The sexual harassment started, the workers said, when their boss, the general manager of the Circuit City store in Springfield Township, began to tickle their palms with his middle finger.

Next, according to a lawsuit filed against the company by the U.S. Equal Employment Opportunity Commission, came the unwanted shoulder massages and the crude comments about oral sex.

Then, there was the demand to bend over and pick up papers - right in front of the manager, the federal civil suit says. What followed next, the suit says, were demeaning assignments and reductions in hours.

The document reads like a standard-issue sexual-harassment situation - similar to 12,000 complaints filed annually with the EEOC and state agencies by employees complaining about uncomfortable conditions on the job.

But the lawsuit started with complaints by two male employees against their male manager.

James Babb, a spokesman at Circuit City's corporate offices in Virginia, wrote in an e-mail about the suit, which was filed in Philadelphia against the company: "Our policy is not to comment on pending litigation."

"Men have been uncomfortable" with filing these kinds of charges, said Mary Tiernan, a spokeswoman for the Philadelphia office of the EEOC. "But as people become more aware of their rights, they feel more comfortable coming forward."
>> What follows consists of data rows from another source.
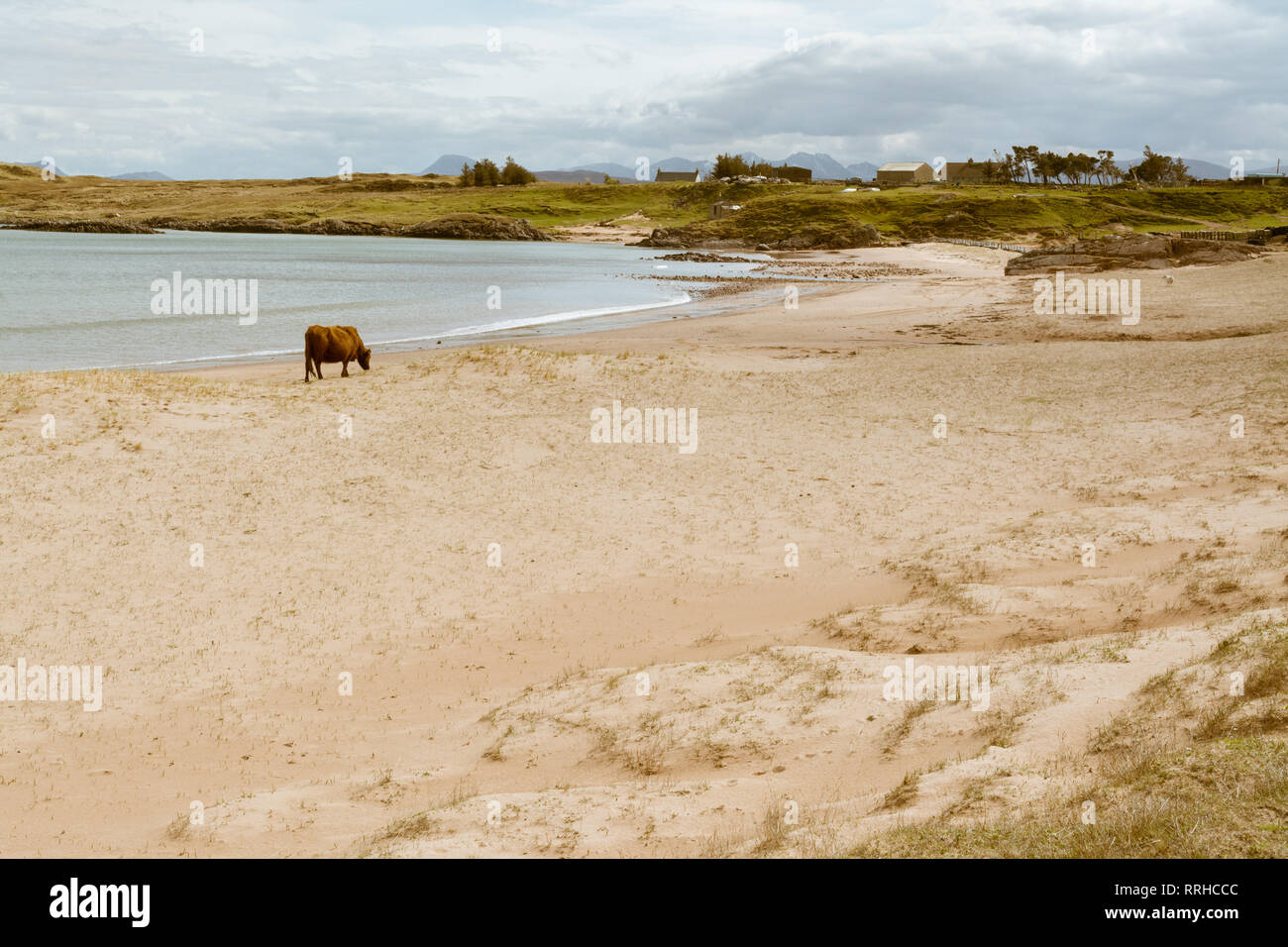 cows on remote Firemore Beach, Wester Ross, Scottish Highlands, UK Stock Photo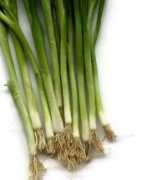 thefreshloaf.com Scallion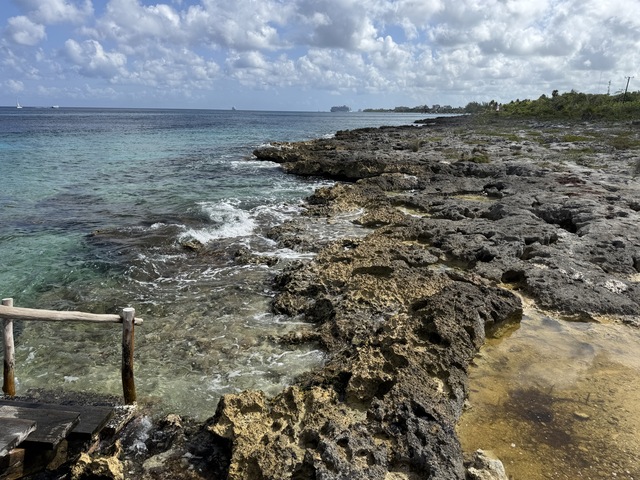 Cozumel Private Island Excursion with Driver and Guide Had a great time!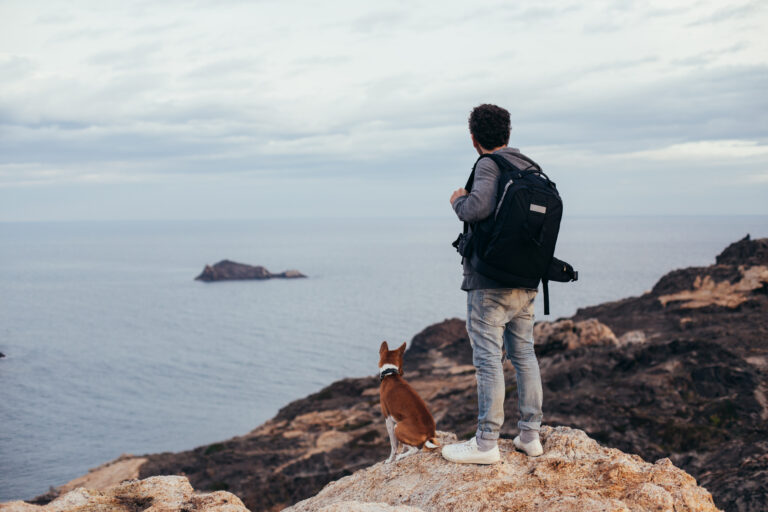 Solo Traveller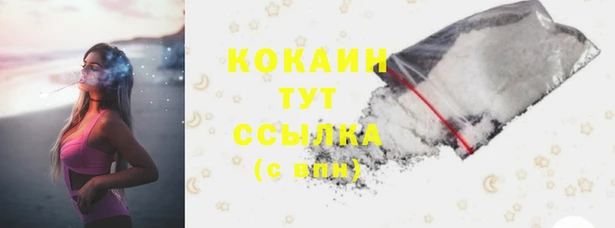 прущий лед Козловка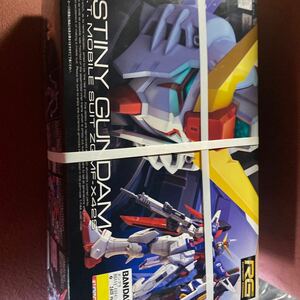 ZGMF-X42S Destiny Gundam (1/144 шкала RG 11 Mobile Suit Gundam SEED DESTINY 2205030)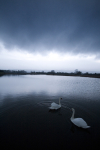 Swan Lake _S073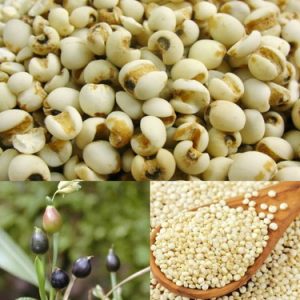 Ý dĩ là gì? Tác dụng của hạt ý dĩ với sức khỏe và sắc đẹp như thế nào?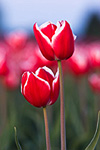 A pair of red and white tulips.  Skagit Valley, WA.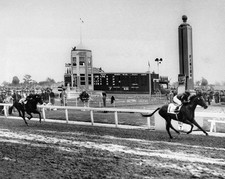 Triple Crown Horse CITATION Glossy 8x10 Photo Print Kentucky Derby Poster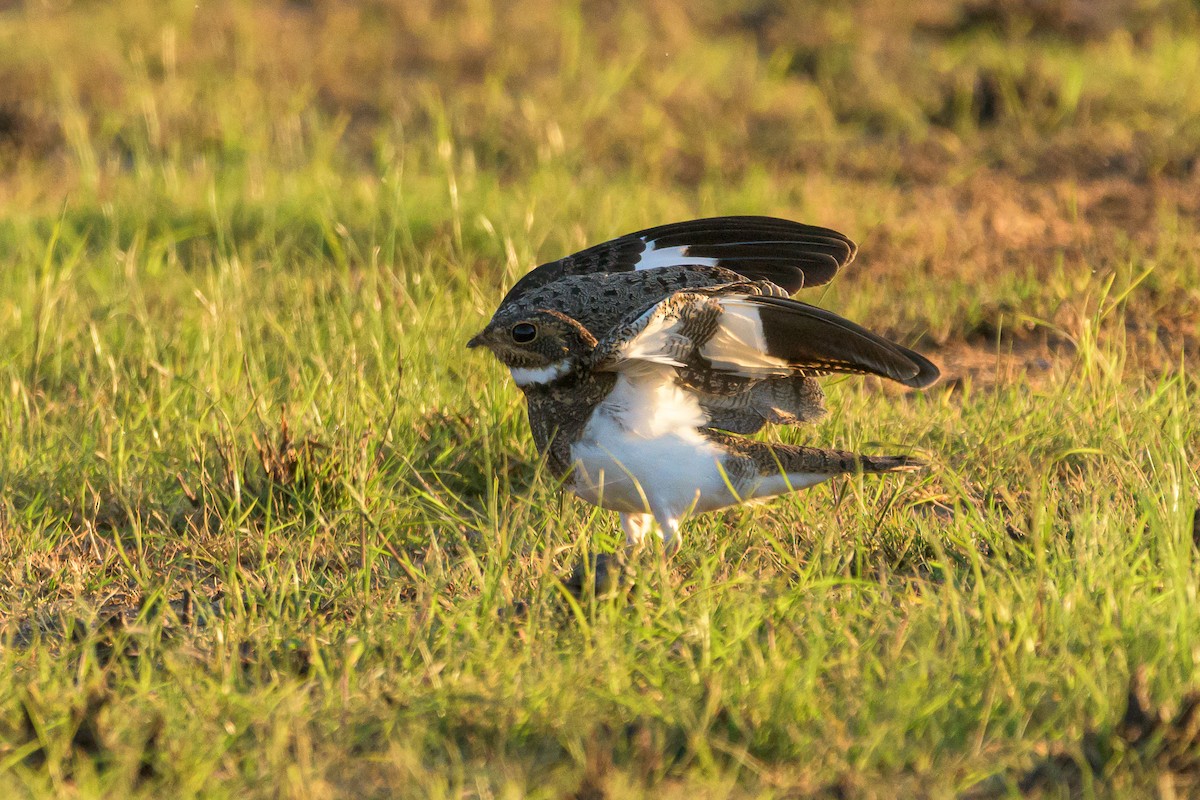 Nacunda Nighthawk - Carlos Rossello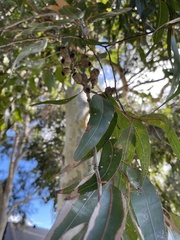 Eucalypteae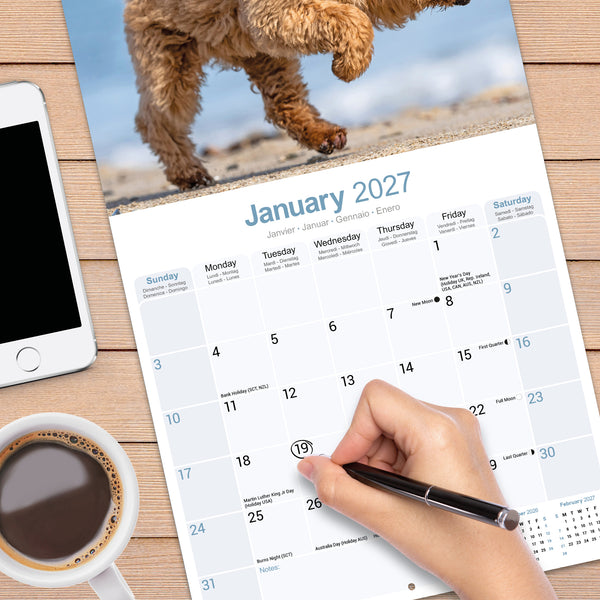 Poodle Calendar 2027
In fiscal 2006, 15.4 percent of sexual-harassment complaints came from men, up from 11.6 percent 10 years earlier, according to EEOC statistics. The statistics do not indicate the sex of the alleged harassers.

In this case, the two men, Jamal Booker and Christopher Snow, both of Philadelphia, had been working at the Circuit City store in Delaware County when Michael Groden started as manager in June 2005, the suit says.
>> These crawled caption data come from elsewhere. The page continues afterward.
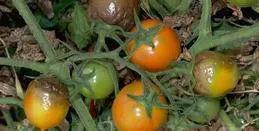 tomatoes damaged by late blight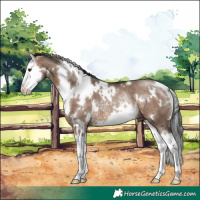 Horse Color:White Spotted Brown Dun Splash Rabicano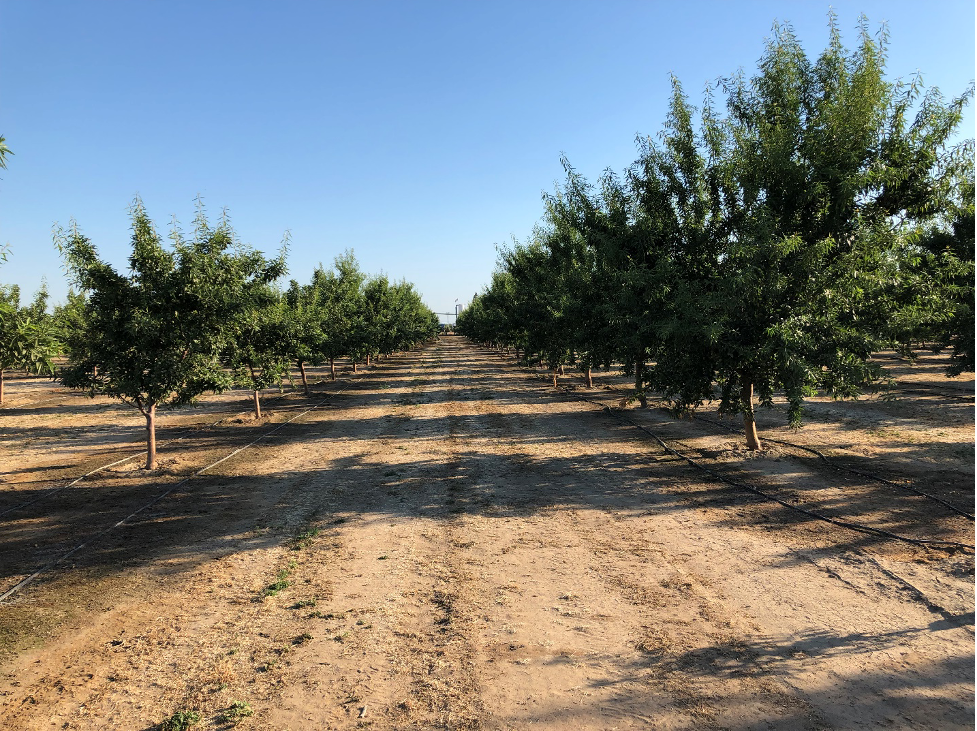 almond treated vs. untreated photo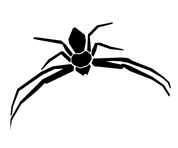 Silhouette image of a spider insect
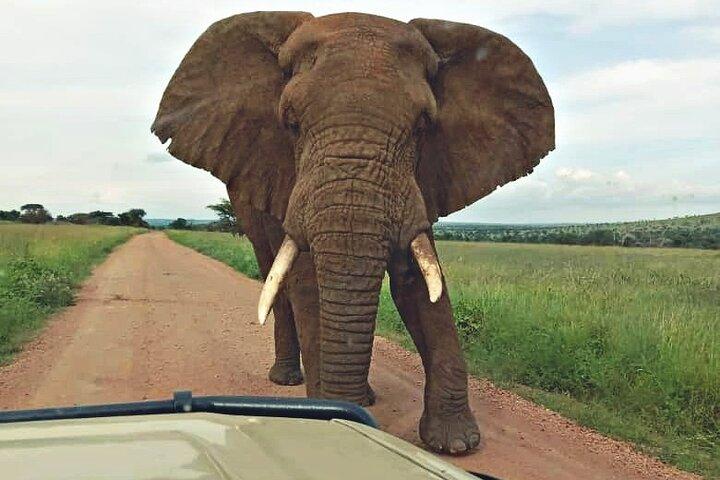 5-Day Camping Safari | Tarangire | Ngorongoro | Serengeti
The harassment began almost immediately, the suit says, and, when the men complained, they were punished. The suit says other unidentified male employees were also harassed when Groden tried to grab their private parts.

Snow resigned in September 2005, and Booker quit in January 2006, after complaining to other Circuit City officials about the problem.

Groden still works at the store but was on vacation yesterday, according to another manager, who would not identify himself. Efforts to reach Groden by phone or through Circuit City's general counsel and local lawyer were unsuccessful.

Snow and Booker, now in their 20s and working at other retail jobs, began full-time jobs at Circuit City just after high school, said their lawyer, Jeffrey Elliott of Kozloff Stoudt in Berks County.

"This was a huge company . . . with upward-mobility possibilities . . . and career opportunities which seemed very bright," he said.

"Everybody was just terrified," Elliott said. "You don't want to lose these opportunities."

Besides compensating Snow, Booker, and other affected men for damages, the EEOC wants Circuit City to strengthen its policies and training against sexual harassment, the suit said.

The EEOC received 75,768 complaints about age, sex, race and ethnic discrimination and harassment in 2006 and filed 403 lawsuits. The agency typically tries first to resolve complaints through mediation, filing suit after negotiations have failed.